I think most of the other technical terms were the names of different guns.

The M-2 is a .50 cal (as in the diameter of the bullet is a 1/2 inch) heavy machine gun. It was designed by John Moses Browning and entered service in 1919. Even our future robot overlords will not be able to significantly improve on it.

The M240B is a 7.62mm general purpose machine gun. Smaller than the M-2, it is meant to be carried or mounted on vehicles. Whatever the situation dictates.

If I remember right, it is pretty much just a Mag 58, which is pretty much just a German MG42 from WWII. It still works just fine.

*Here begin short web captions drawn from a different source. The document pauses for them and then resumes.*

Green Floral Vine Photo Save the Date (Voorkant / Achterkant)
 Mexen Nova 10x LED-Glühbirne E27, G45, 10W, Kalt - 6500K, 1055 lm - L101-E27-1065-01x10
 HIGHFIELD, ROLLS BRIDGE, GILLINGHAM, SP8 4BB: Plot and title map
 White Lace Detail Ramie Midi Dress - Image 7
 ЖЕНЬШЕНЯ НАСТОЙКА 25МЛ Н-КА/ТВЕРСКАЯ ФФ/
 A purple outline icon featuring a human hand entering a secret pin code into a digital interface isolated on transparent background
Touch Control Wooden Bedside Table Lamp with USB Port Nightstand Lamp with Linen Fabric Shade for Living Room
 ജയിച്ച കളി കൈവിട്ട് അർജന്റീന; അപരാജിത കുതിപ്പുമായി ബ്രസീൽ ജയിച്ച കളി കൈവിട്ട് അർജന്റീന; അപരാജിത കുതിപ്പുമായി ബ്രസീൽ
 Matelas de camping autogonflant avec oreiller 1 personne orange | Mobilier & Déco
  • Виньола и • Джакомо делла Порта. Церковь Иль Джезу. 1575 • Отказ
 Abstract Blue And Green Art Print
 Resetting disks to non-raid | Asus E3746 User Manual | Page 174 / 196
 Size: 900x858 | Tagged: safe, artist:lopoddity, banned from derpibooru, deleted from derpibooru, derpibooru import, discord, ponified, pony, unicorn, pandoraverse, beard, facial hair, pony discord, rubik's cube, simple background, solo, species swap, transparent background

The Mk46 and Mk48 are smaller machine guns in 5.56mm (the same caliber as our M-4 carbines, the ubiquitous shorter versions of the M-16) and 7.62mm calibers that are easier to carry. There are trade-offs to the smaller size, but they seem to work just fine.

Ounces are pounds and pounds are pain... so smaller can be much better for the guy that has to carry the equipment around. Smaller can often mean a shorter barrel, which will generally translate into slower bullet velocity out of the barrel and inferior terminal ballistics as well.

Weapons are tools. When you have options, pick the one best suited to the task at hand.

As an Air Force guy though, my favorite weapon is still a radio. If the first rule of a gunfight is to bring all of your friends with guns... it's always better to bring all of your friends with guns and bombs and an overhead view of all that is happening.

On the topic of friends, I realized when someone was going home that we never say good bye here. It's not because of sentiment, but because odds are we'll see each other again on some future deployment, exercise, or boondoggle of a trip.

The military with its millions of people is really a very small place. The SOF community is even smaller.

Within every SOF specialty there is a saying that if you ain't cheatin', you ain't trying. If you get caught, you ain't (insert name of specialty that thinks it coined this cliche here).

True to form, the hoarding of Gatorade Health Shakes from the chow hall has begun anew. Karl Marx may have preached about giving according to your abilities and taking only according to your needs, but the distribution of desired goodies from the chow hall is based more on a Social Darwinism.

He who can take the most, the fastest, has the most soonest. Sometimes that is fodder for trading.

Me? I just think a Gatorade Health Shake and a Shock Coffee make a great breakfast.

I do, however, need to take inventory of my kit and evaluate what I am willing to use as for trading and what I'm either accountable for or truly want/need.

There may be some good opportunities for new or new-to-me toys.

My partner was kind enough to donate a pair of flame-resistant ACUs to me. He forgot his ACU name tapes at home, and doesn't plan on paying to have new ones made here since he doesn't really care for the ACUs anyway. He also has a bunch of ACUs back at home already so the new ones he got issued here are of no use to him.

Unfortunately, one thing I can't trade for is a new pair of running shoes. I believe I mentioned earlier that I found a good deal on a the pair I've been looking for and ordered them. Well, the company emailed me back to say they were kidding.

They don't have my size.

Apparenlty finding running shoes sized like snow shoes will be more difficult than I thought. Oh well.